(What to produce)
Without any pictures, print exactly the lines that run from the start of the data through the line containing "Thumbnail: Antique Victorian".

Web page caption snippets
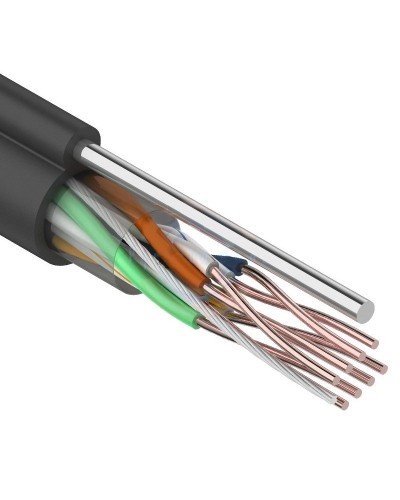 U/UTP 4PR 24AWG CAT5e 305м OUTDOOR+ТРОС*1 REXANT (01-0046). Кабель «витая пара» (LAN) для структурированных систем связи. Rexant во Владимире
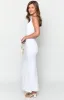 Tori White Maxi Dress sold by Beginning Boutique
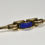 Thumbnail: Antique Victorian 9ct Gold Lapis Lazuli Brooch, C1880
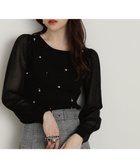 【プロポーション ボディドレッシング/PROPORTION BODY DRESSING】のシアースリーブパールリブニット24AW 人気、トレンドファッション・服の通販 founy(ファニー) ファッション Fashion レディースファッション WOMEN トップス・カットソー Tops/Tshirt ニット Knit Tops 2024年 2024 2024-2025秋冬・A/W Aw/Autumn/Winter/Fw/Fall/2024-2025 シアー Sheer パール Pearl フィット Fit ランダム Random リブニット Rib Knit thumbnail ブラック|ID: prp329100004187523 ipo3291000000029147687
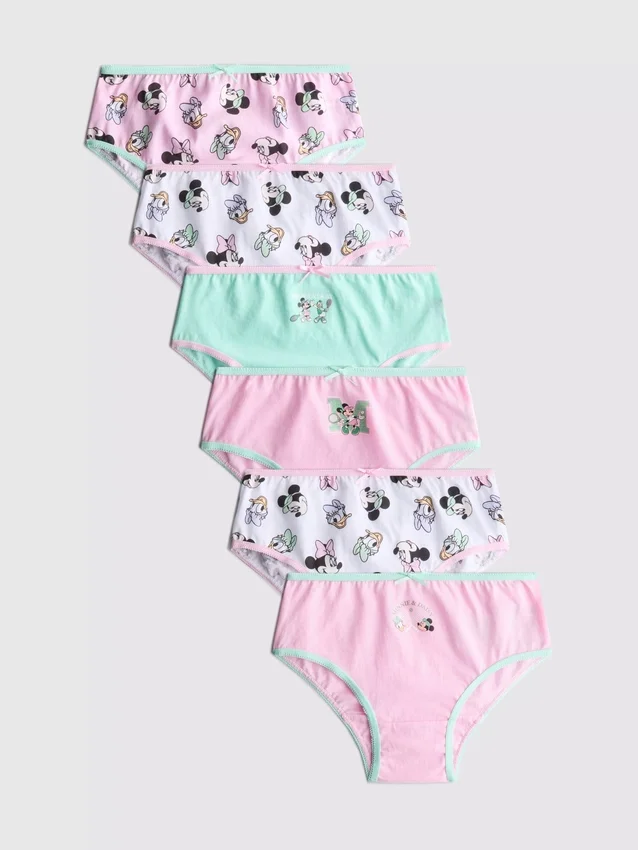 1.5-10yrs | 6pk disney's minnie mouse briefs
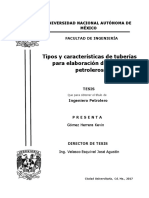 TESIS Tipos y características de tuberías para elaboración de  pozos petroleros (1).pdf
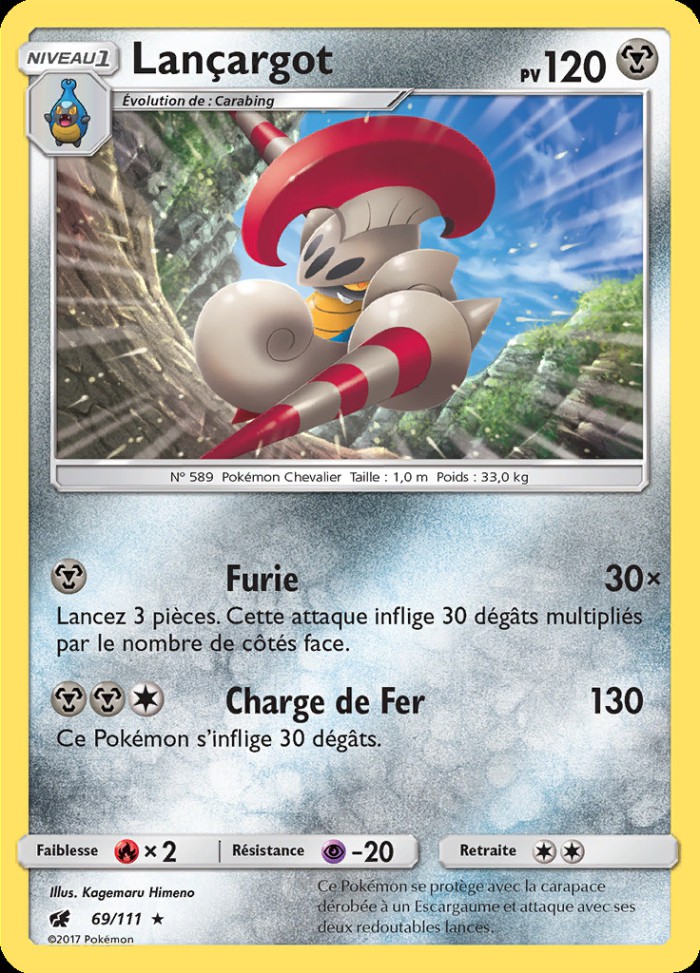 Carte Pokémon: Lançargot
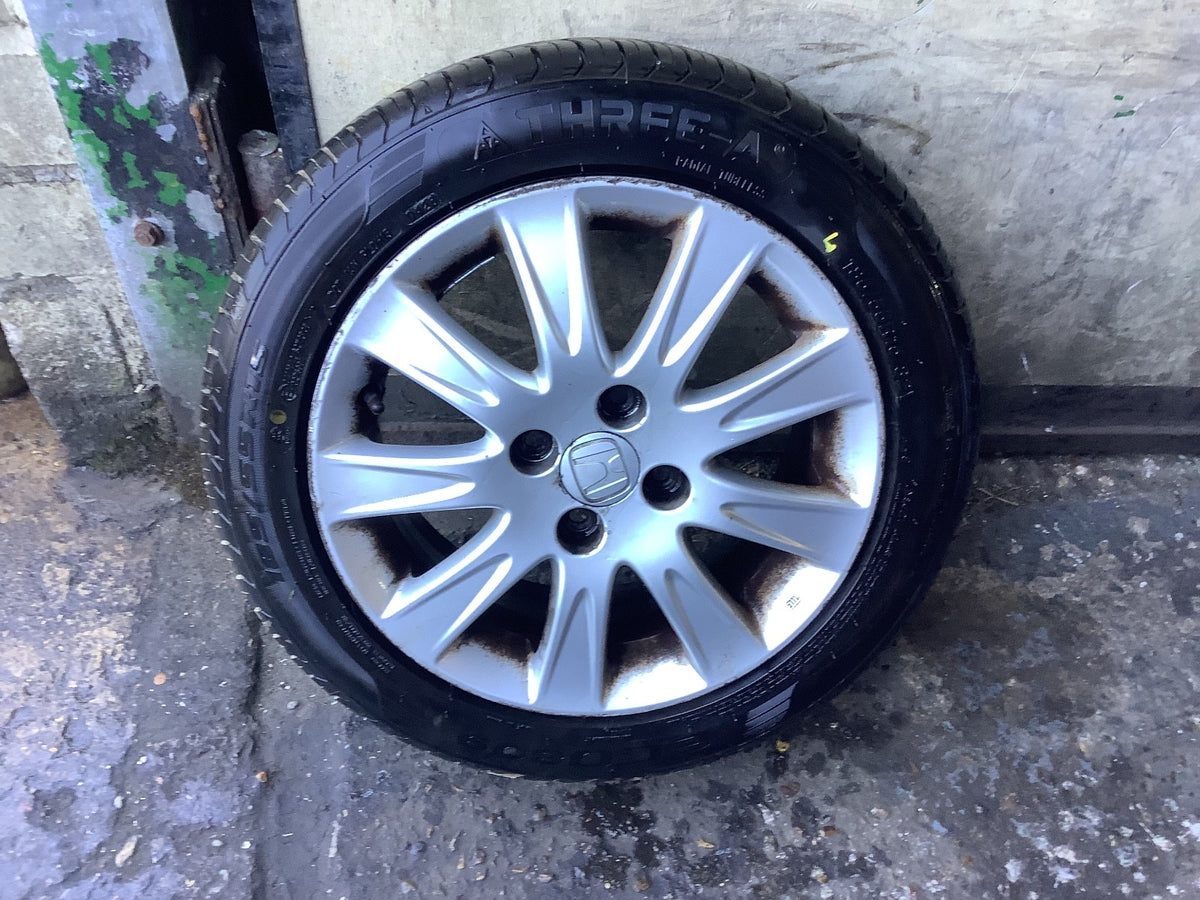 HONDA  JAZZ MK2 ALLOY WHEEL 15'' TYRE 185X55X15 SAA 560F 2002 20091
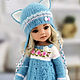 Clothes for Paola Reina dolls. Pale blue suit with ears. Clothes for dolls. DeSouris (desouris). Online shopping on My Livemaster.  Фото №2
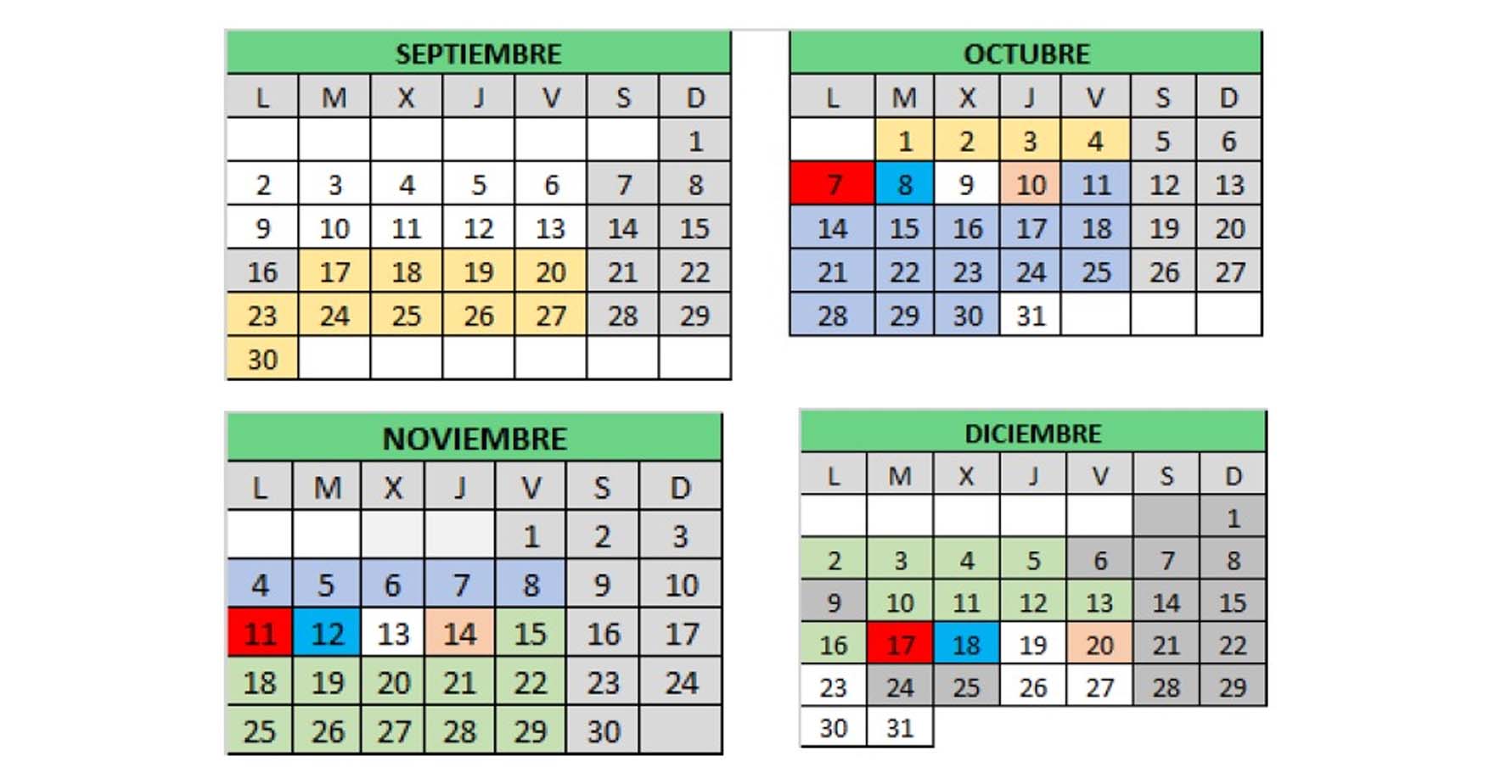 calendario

(Response box)
 U/UTP 4PR 24AWG CAT5e 305м OUTDOOR+ТРОС*1 REXANT (01-0046). Кабель «витая пара» (LAN) для структурированных систем связи. Rexant во Владимире
 Tori White Maxi Dress sold by Beginning Boutique
 Thumbnail: Antique Victorian 9ct Gold Lapis Lazuli Brooch, C1880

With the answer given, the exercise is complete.